I was reading an article about genetic testing recently* through two lenses: the implications for my work practice, and themes that could be relevant to my research project. This happens quite often; I use email alerts through both my work and uni systems, with different but overlapping purposes, and not infrequently an article that comes up in one context is equally or more applicable in the other. It was through one of these alerts that I became aware of the article, which sat firmly in the ‘overlapping’ area.
Way back when I had my first conversation with my supervisor, while I was still planning how I might embark on my new study phase, she commented that one of the benefits of studying part-time is the opportunity to immerse yourself in your reading, and take the time to process it effectively. There’s obviously no universally correct decision about whether to study part-time or full-time, as so much depends on individual circumstances, but this has definitely been the right decision for me. My weeks are composed of two threads of activity (work and study) but I’m able to weave the threads together in a way that strengthens and adds value to both. I find I’m reading and considering everything in both contexts, and it’s amazing how often my experiences in one area help me to make sense of (and even renew my enthusiasm for) what is going on in the other.
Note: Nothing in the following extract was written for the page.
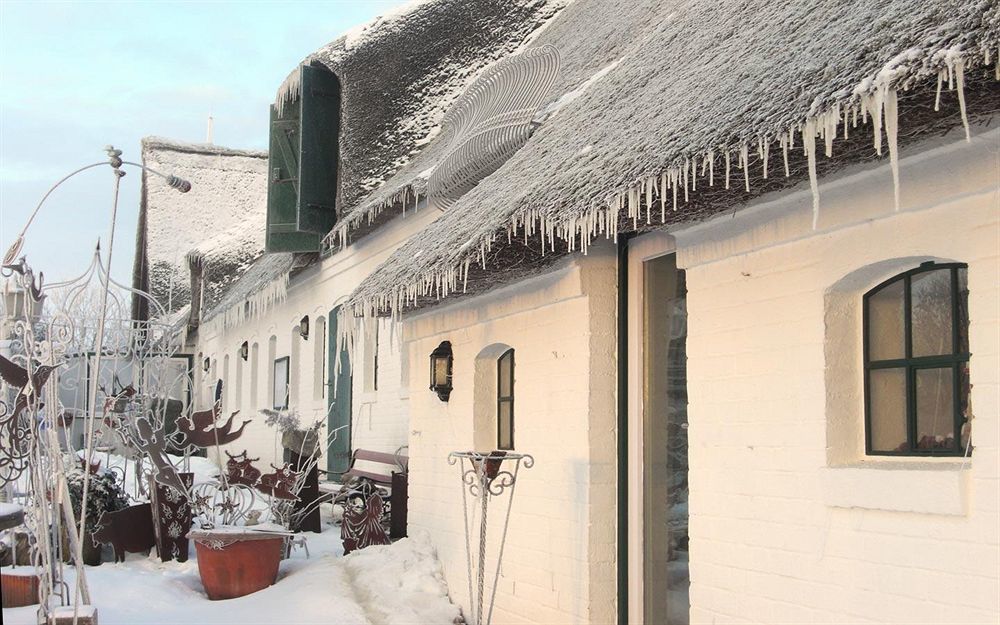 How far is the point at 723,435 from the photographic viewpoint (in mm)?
4883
Emerging from this, there are two points that I want to highlight in this blog reflection: the importance of passion, and dilemmas in boundary-setting.
Having made it through my first year in quite good shape, I’m convinced that undertaking research on a topic that I’m not only interested in but passionate about will be one of the keys to maintaining my energy through the long haul ahead. Already, if I was feeling at all ho-hum about my research topic, it would be feeling like a grind…and there’s a long way to go yet. I hear myself talking about my research topic to other people (a kind of out-of-body experience!) and realise that (apart from needing to shut up before I see their eyes glazing, not after) it doesn’t take much to get me started on an enthusiastic explanation of what I’m doing and why. That signifies to me that I’m still passionate about it – I can feel the passion as I talk about my research. See previous comment about eyes glazing over.
The passion is closely linked with the relevance to my area of work. It’s a two-way process, with each reinforcing my commitment to the other. I find similar themes coming up in my conversations with families or other services providers, and in my academic reading (where I’m discovering both new information and ongoing gaps).
Like so many things in life, though, there is a flip side to this, and that’s the need to consider where the boundaries need to be drawn, so that the passion is channeled effectively and appropriately. When I mention boundaries, I’m talking about boundaries on two different levels. Firstly, there’s the boundary that needs to be drawn between work and study. Although there’s value in these being complementary and mutually beneficial, they also need to have some separation. Ethically, they need to be appropriately separated so that (for example) the privacy and confidentiality of families I work with is protected. Philosophically, I need to be conscious of different contexts so that my analysis is effective, and my respective roles as Family Advocate and researcher strengthen rather than undermine each others’ validity. And, finally, logistically I need to keep them separate to some degree so that I focus on tasks and divide my time in a way that hits a suitable balance between work and study, and don’t become overwhelmed or immobilized.
The other dilemma about passion (and the containment thereof) is specifically relevant to my role as a researcher. As a social work researcher, my intention is that my research will lead to real change and a better service environment for families who have a child affected by a genetic degenerative neurological disorder. However, unless I approach this reflexively, I run the risk of straying into ideology and leaving the outcomes of my study open to (justified) claims of bias and analytical weakness. Somehow, I will need to find a suitable balance between passionate involvement in my topic and acknowledgement of my own perspective, and enough ‘distance’ that I am able to hear what others tell me, and to allow myself to be ‘surprised’ by unexpected (and maybe contradictory) findings. I think this is a common dilemma for social researchers. Depending on the researcher’s situation of herself/himself ontologically and epistemologically, different degrees of personal involvement will be appropriate..to bracket or not to bracket, that is the question… I suspect it’s also a common source of criticism by positivist researchers who would strive for objectivity and would find any degree of personal perspective to be anathema to strong research.
As you can tell by the ramble above, I am still untangling my tangled thoughts about all this, but writing them into this post has been a starting point.
* Vento, J. and Schmidt, J. 2013 Genetic Testing in Child Neurology. Seminars in Pediatric Neurology. 19:167-172.